** Input for this task follows **

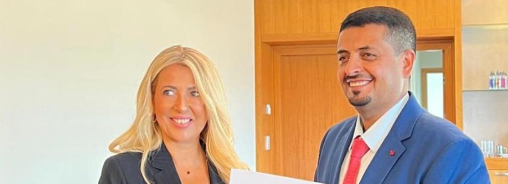 Foto - Suudi Arabistan Türkiye'nin yeni gücü Ghost'u satın alma kararı aldı! Özellikleri Arapları hayrete düşürdü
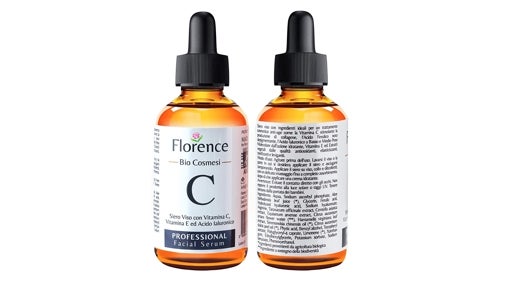 Los 6 mejores sérum faciales que arrasan en Amazon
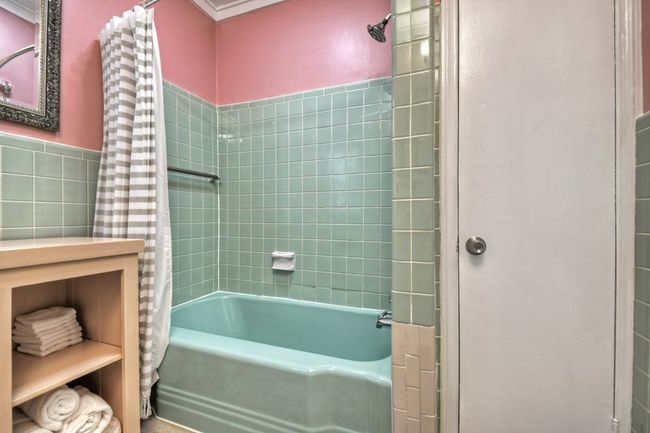 102 Riverview St, Home with 3 bedrooms, 2 bathrooms and null parking in Copperhill TN | Image 29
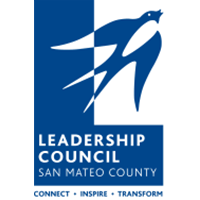 Leadership Council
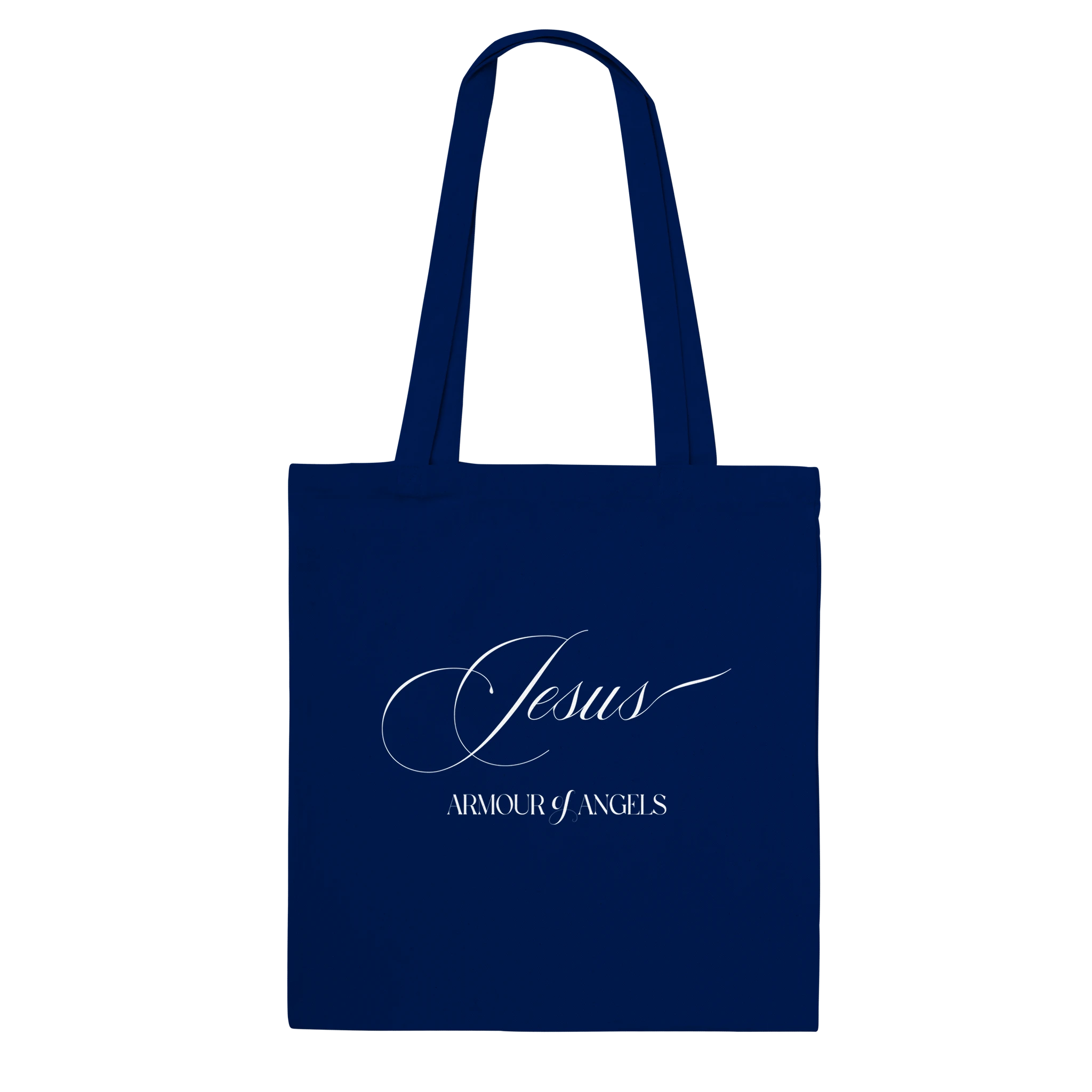 6140b58c-f542-411f-ba10-95c3aa759805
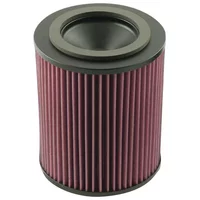 Luftfilter K&N High Flow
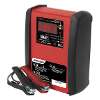 Schumacher&#174; Intelligent Speed Charge Battery Charger/Maintainer 15A 12V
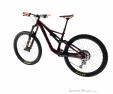 Orbea Rallon M20 29” 2023 Enduro Mountain Bike, Orbea, Purple, , Male,Unisex, 0432-10064, 5638144334, 8434446183737, N1-11.jpg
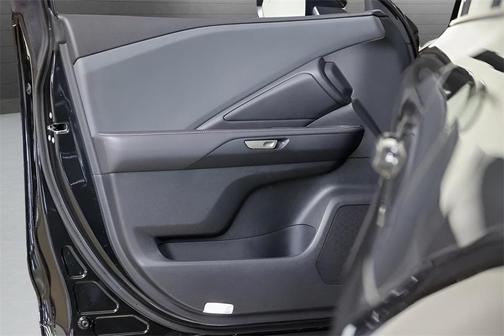 2024 Lexus TX 350 Base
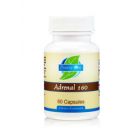 Adrenal 160 mg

** End of Input for this task **

▶ **Exercise details**
With pictures omitted, restate word for word every line above from the one containing "102 Riverview St, Home" to the end of the entries.

▶ **Response area**
 102 Riverview St, Home with 3 bedrooms, 2 bathrooms and null parking in Copperhill TN | Image 29
 Leadership Council
 6140b58c-f542-411f-ba10-95c3aa759805
 Luftfilter K&N High Flow
 Schumacher&#174; Intelligent Speed Charge Battery Charger/Maintainer 15A 12V
 Orbea Rallon M20 29” 2023 Enduro Mountain Bike, Orbea, Purple, , Male,Unisex, 0432-10064, 5638144334, 8434446183737, N1-11.jpg
 2024 Lexus TX 350 Base
 Adrenal 160 mg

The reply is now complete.